1) The first thing to do is prepare. Make sure you buy an element of suitable output to match the radiator, as there is no point in installing it if it is going to leave your rail underpowered. Also, get a blanking plug. You’ll need one of those.
2) Drain and remove the unit from the wall.
3) Locate the entry points at the bottom of your rail. You can install on either side, but most people tend to go with the right side. Do away with any valves and push the element into the radiator unit. Screw it into place.
4) Fit the other entry point with a blanking plug. With this and the element, use thread seal tape.
5) Fill the radiator with water from the top, moving it to guarantee any rails are adequately filled and leaving a gap of at least an inch at the top.
6) Fit the radiator to the wall, using the supplied fixtures and fittings. If you’ve gone to a rubbish supplier, add ‘get fixtures and fittings’ to point one!
7) Wire the element to a fused spur. This might be something for an electrician to take on if you’re not comfortable. Safety is paramount.

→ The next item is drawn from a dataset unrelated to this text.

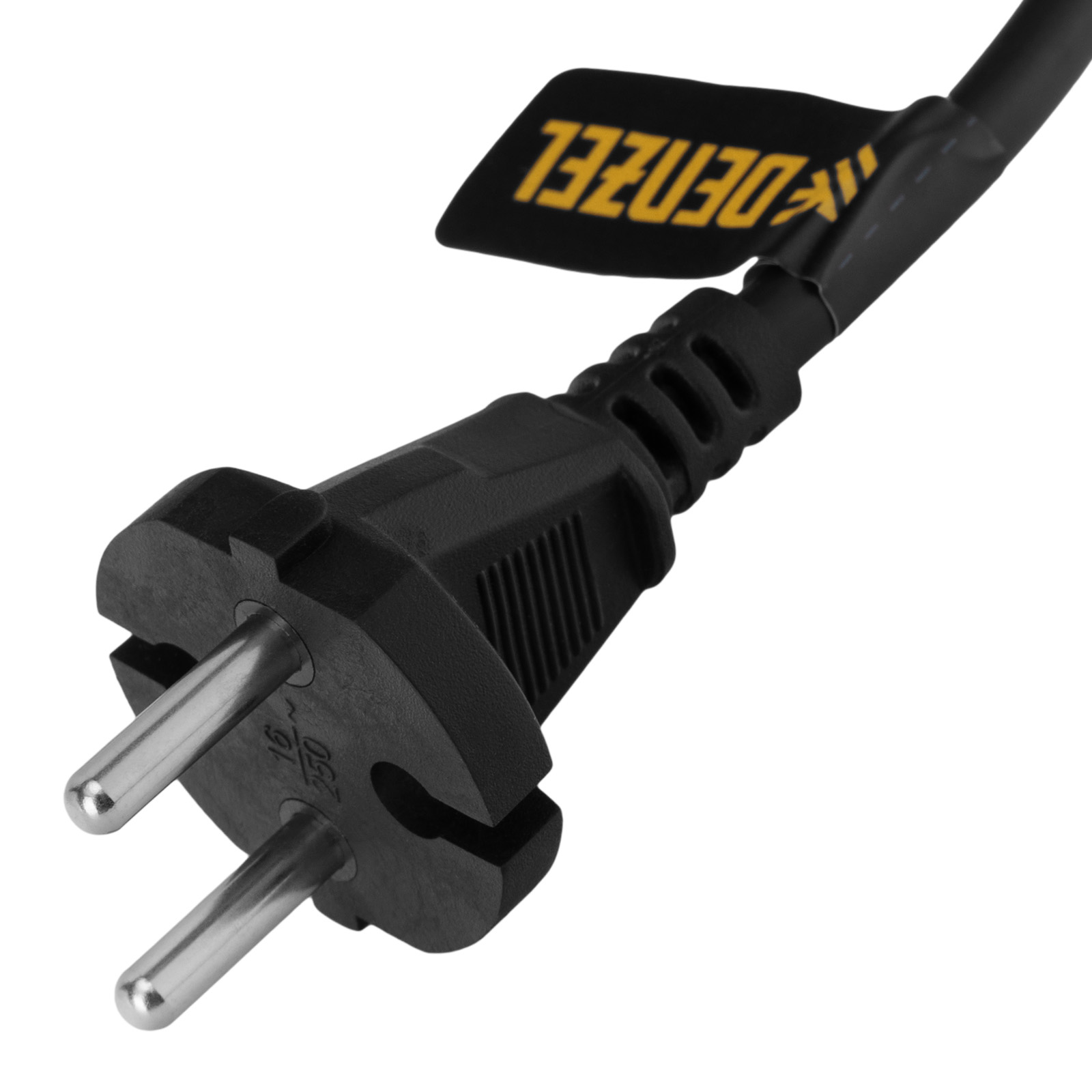 Шнур сетевой Energy Series, ПВС, 3 м, 2 x 1,5 мм, с неразборной вилкой, черный, Denzel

8) Turn on the element and allow the water to heat through thoroughly. As the top will still be open, the water can expand into the gap you left. Clever you.
9) Once you’ve completed the above, fit the bleed valve. Once more, use thread seal tape for a firm fit.
10) Sit back with a brew and admire your handiwork. If you’re particularly boastful, bring neighbours and friends around on a pretext to show them your new electric radiator.